**Problem requirements**
An exact copy of every record is needed, with the pictures left out.

Short web captions
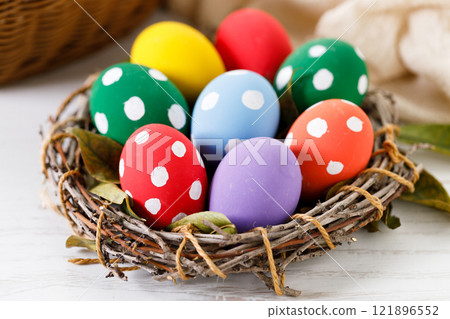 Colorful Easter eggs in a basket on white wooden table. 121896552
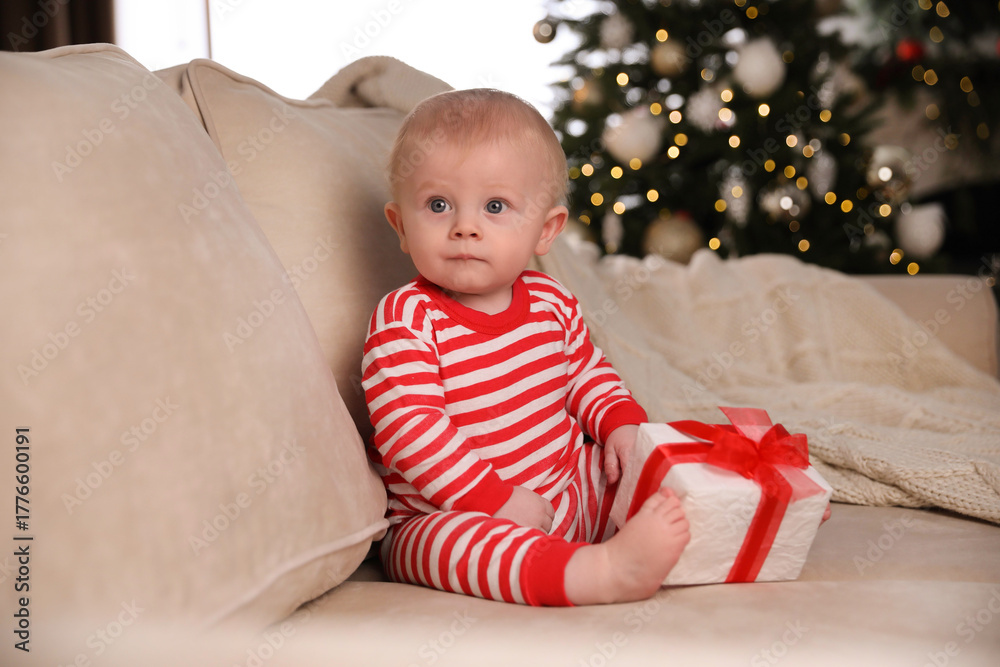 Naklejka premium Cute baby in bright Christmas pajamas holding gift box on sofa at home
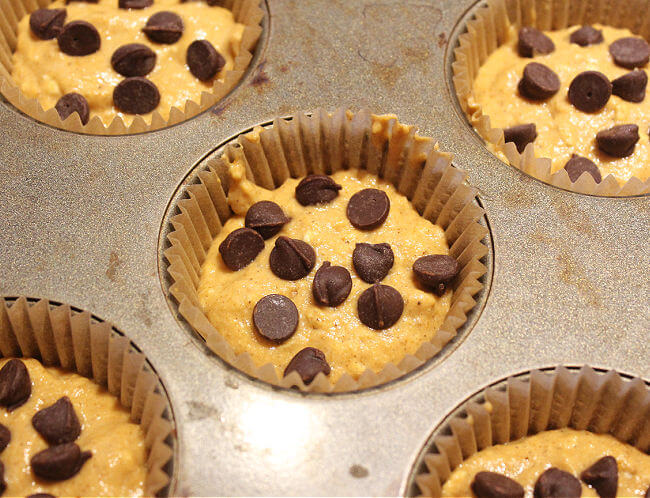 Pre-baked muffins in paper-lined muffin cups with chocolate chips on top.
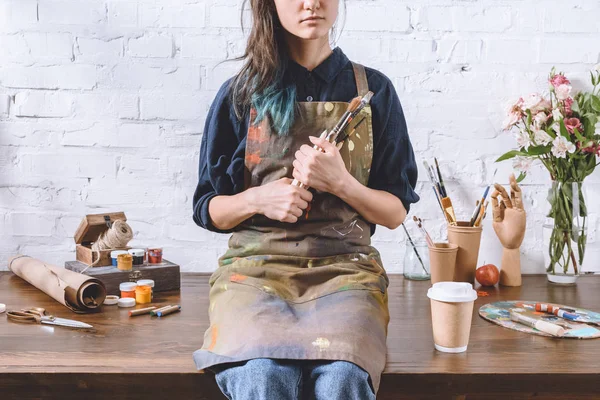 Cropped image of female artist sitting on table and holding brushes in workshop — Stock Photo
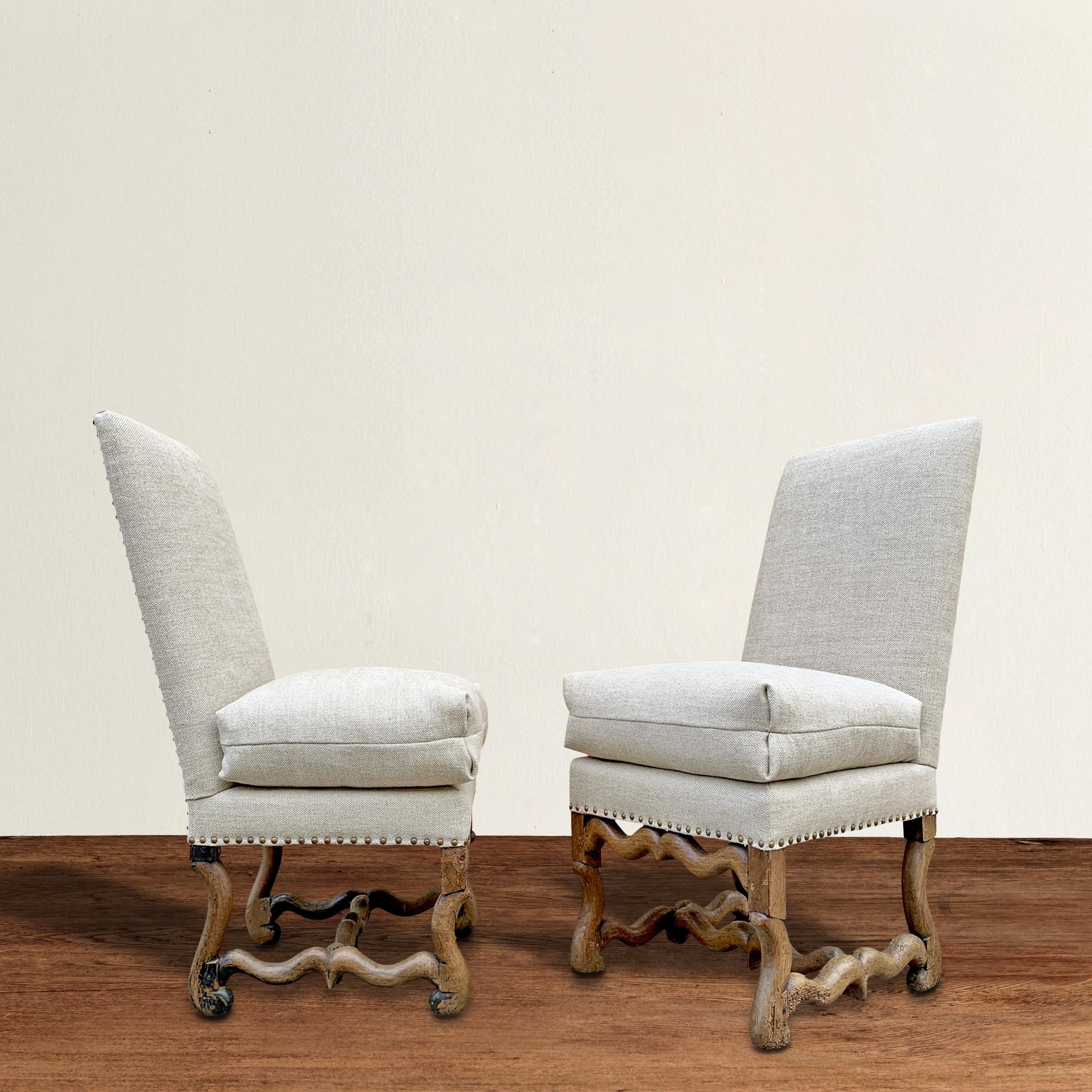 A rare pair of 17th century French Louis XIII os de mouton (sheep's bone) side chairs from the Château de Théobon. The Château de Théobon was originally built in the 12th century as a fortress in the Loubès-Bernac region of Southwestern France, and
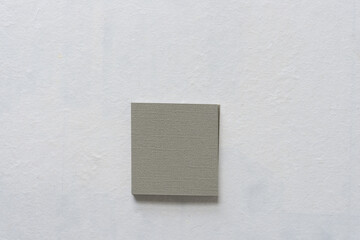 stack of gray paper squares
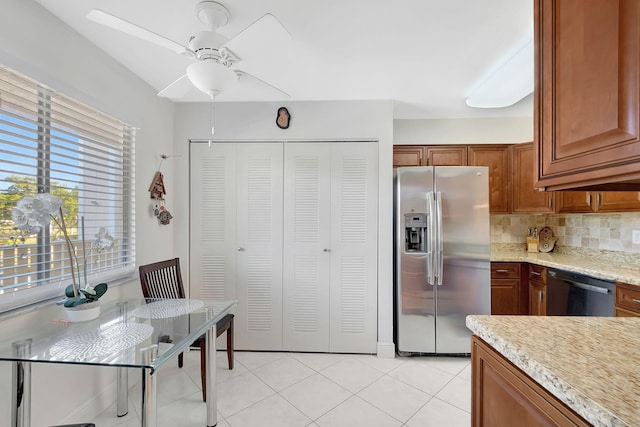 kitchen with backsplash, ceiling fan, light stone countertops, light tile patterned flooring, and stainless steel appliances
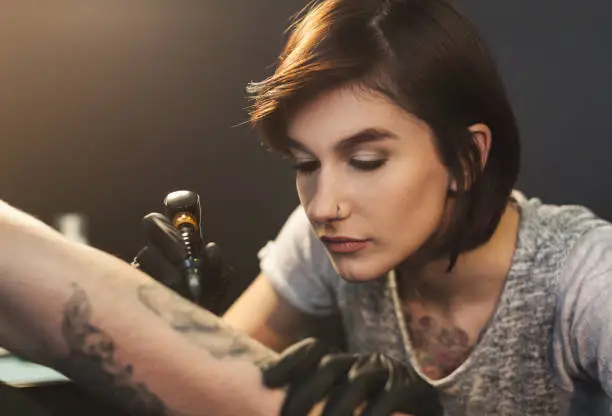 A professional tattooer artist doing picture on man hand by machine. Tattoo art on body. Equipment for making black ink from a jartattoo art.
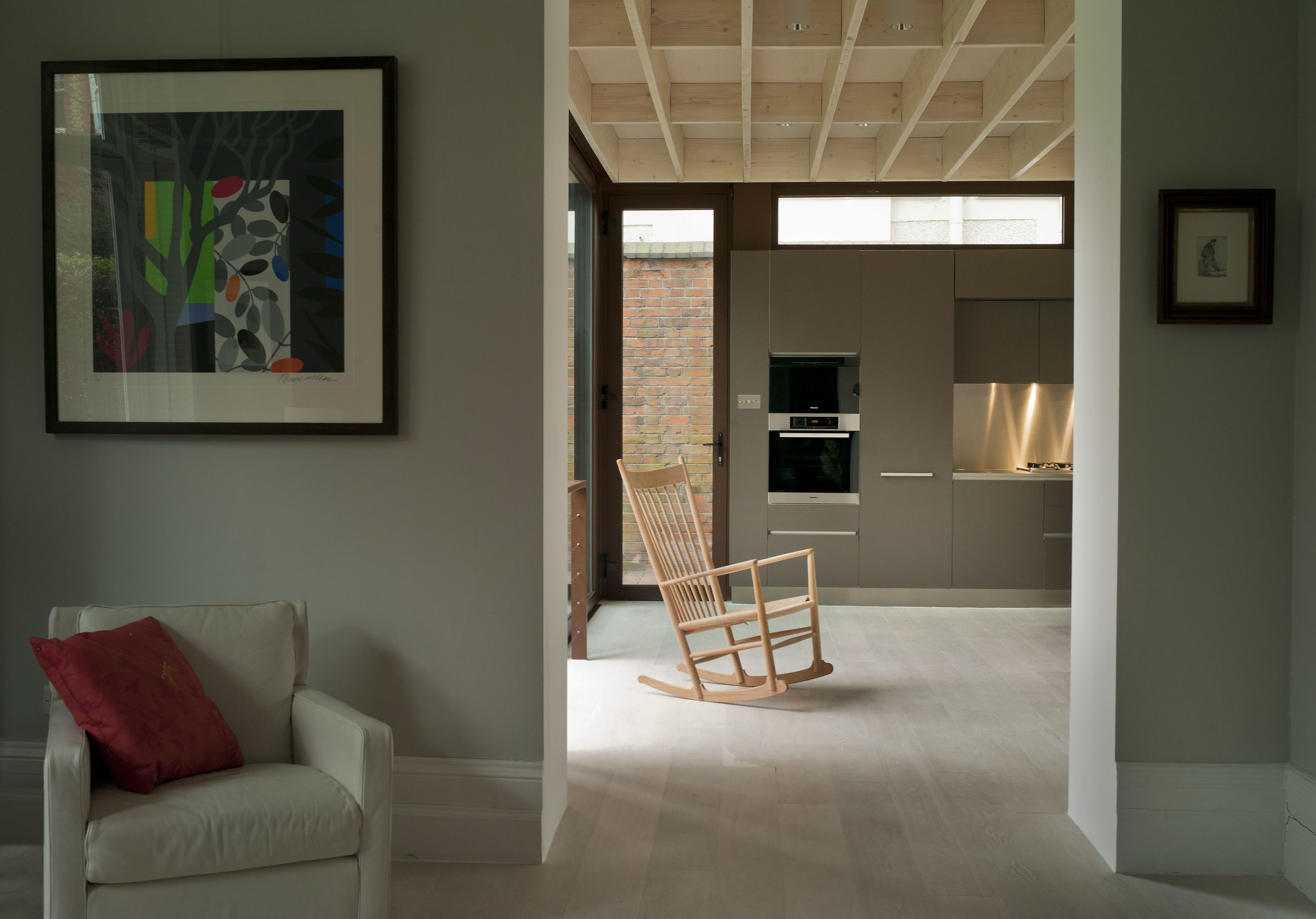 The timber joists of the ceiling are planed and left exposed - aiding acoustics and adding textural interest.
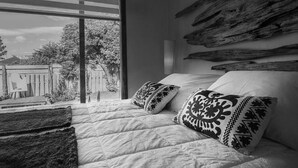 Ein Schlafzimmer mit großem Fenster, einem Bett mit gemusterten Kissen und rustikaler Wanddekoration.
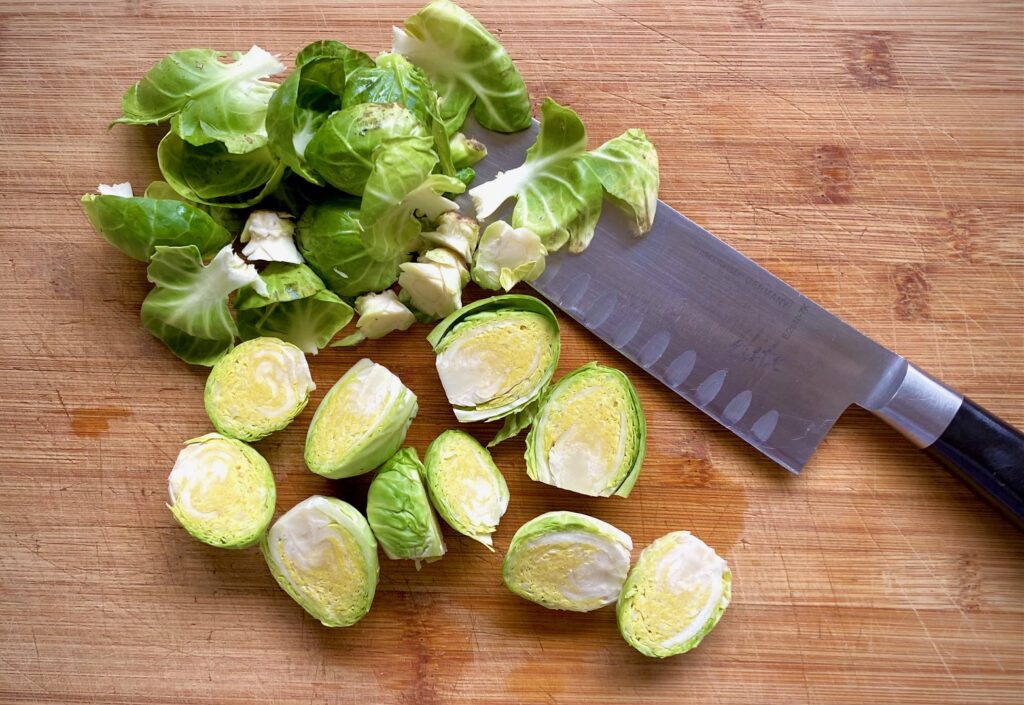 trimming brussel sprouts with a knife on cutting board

**Response to this task**
 Colorful Easter eggs in a basket on white wooden table. 121896552
 Naklejka premium Cute baby in bright Christmas pajamas holding gift box on sofa at home
 Pre-baked muffins in paper-lined muffin cups with chocolate chips on top.
 Cropped image of female artist sitting on table and holding brushes in workshop — Stock Photo
 A rare pair of 17th century French Louis XIII os de mouton (sheep's bone) side chairs from the Château de Théobon. The Château de Théobon was originally built in the 12th century as a fortress in the Loubès-Bernac region of Southwestern France, and
 stack of gray paper squares
 kitchen with backsplash, ceiling fan, light stone countertops, light tile patterned flooring, and stainless steel appliances
 A professional tattooer artist doing picture on man hand by machine. Tattoo art on body. Equipment for making black ink from a jartattoo art.
 The timber joists of the ceiling are planed and left exposed - aiding acoustics and adding textural interest.
 Ein Schlafzimmer mit großem Fenster, einem Bett mit gemusterten Kissen und rustikaler Wanddekoration.
 trimming brussel sprouts with a knife on cutting board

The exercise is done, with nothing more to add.